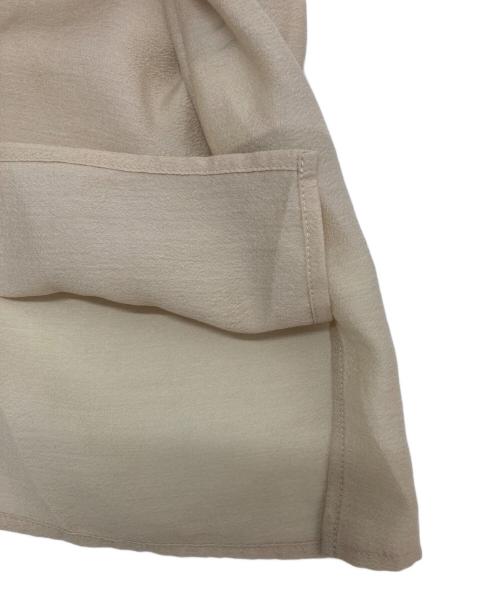 Spick and Span（スピック＆スパン）Spick and Span (スピック＆スパン) ポリアセテートラッフルカラーブラウス ベージュ サイズ:SIZE Freeの古着・服飾アイテム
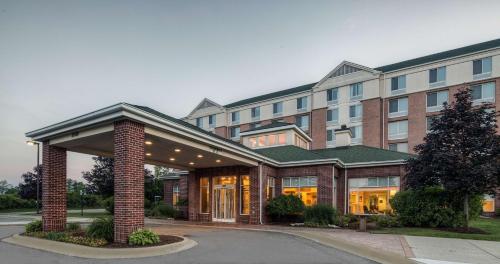 uma representação de um hotel com um edifício em Hilton Garden Inn Detroit Metro Airport em Romulus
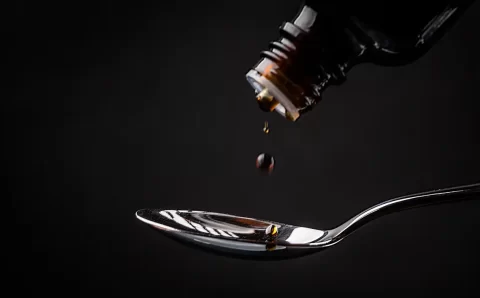 Anvisa suspende venda de xaropes com clobutinol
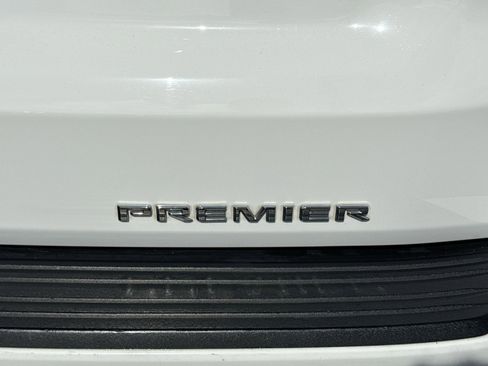 Used 2023 Chevrolet Tahoe Premier RWD image 11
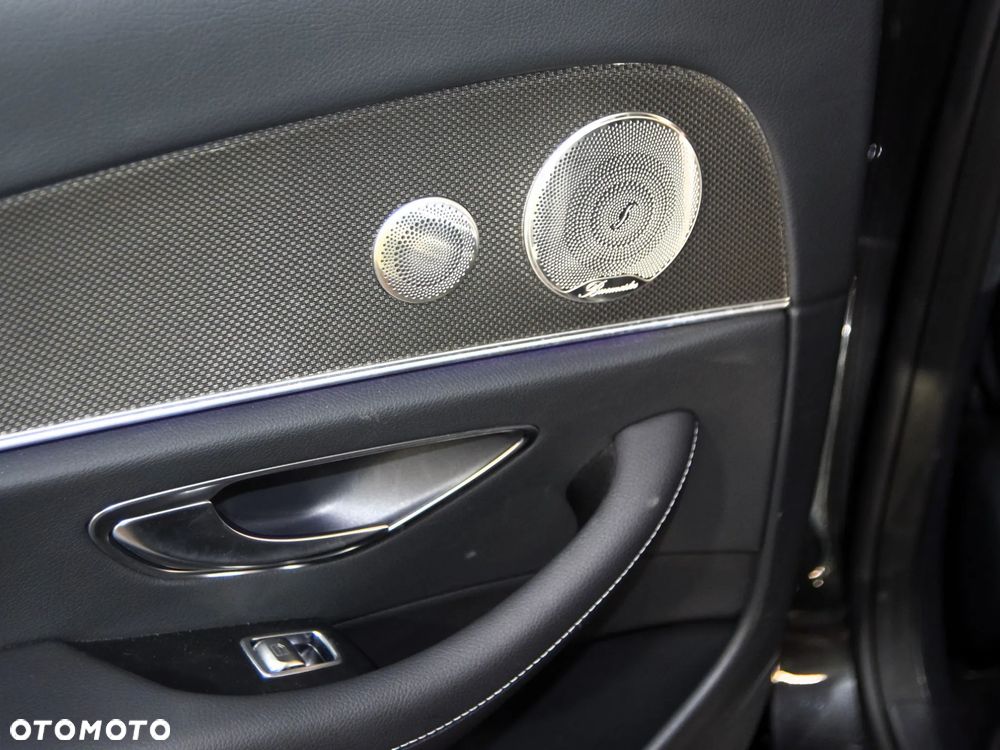 Mercedes-Benz Klasa E 300 de 4Matic 9G-TRONIC - 17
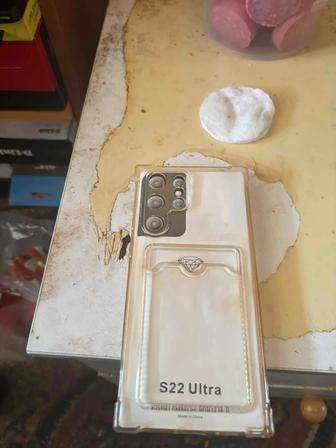 Продам чехол визитка для Samsung galaxy s22 ultra хорошем состояний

◆ Activity ◆
All lines from the one containing "Used 2023 Chevrolet" through the final line of the entries above must be restated word for word, pictures excluded.

◆ Result ◆
 Used 2023 Chevrolet Tahoe Premier RWD image 11
 Mercedes-Benz Klasa E 300 de 4Matic 9G-TRONIC - 17
 Продам чехол визитка для Samsung galaxy s22 ultra хорошем состояний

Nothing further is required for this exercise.